Exercise - The entries below contain pictures. Write out only the lines from the line with "Elastoplast Tin Elastic" up to and including the line with "Geometric ethnic, design", exactly, without them.

+++ Supplied data +++

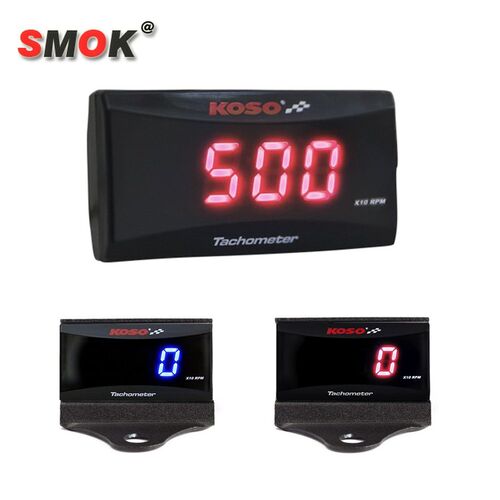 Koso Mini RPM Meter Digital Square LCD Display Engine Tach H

+++
+++ Supplied data +++

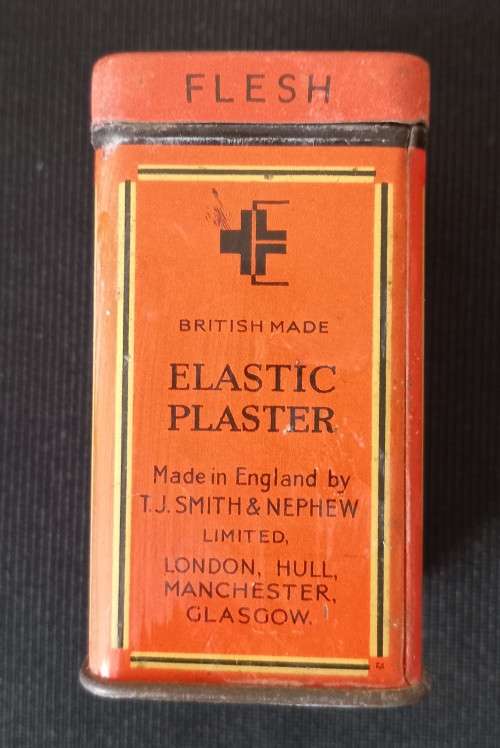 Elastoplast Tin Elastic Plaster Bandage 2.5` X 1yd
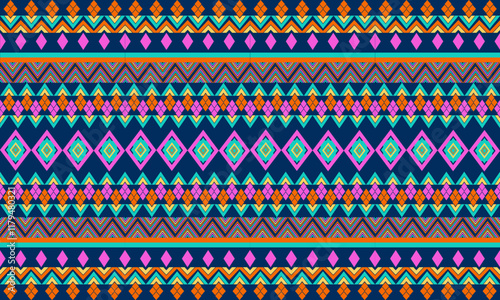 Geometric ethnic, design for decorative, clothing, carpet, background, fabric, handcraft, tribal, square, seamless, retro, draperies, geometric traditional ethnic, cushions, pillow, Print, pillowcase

+++
+++ Supplied data +++

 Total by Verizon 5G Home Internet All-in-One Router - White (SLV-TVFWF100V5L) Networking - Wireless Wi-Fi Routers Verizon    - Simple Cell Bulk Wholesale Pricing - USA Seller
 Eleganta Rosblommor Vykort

+++

Exercise result -
 Elastoplast Tin Elastic Plaster Bandage 2.5` X 1yd
 Geometric ethnic, design for decorative, clothing, carpet, background, fabric, handcraft, tribal, square, seamless, retro, draperies, geometric traditional ethnic, cushions, pillow, Print, pillowcase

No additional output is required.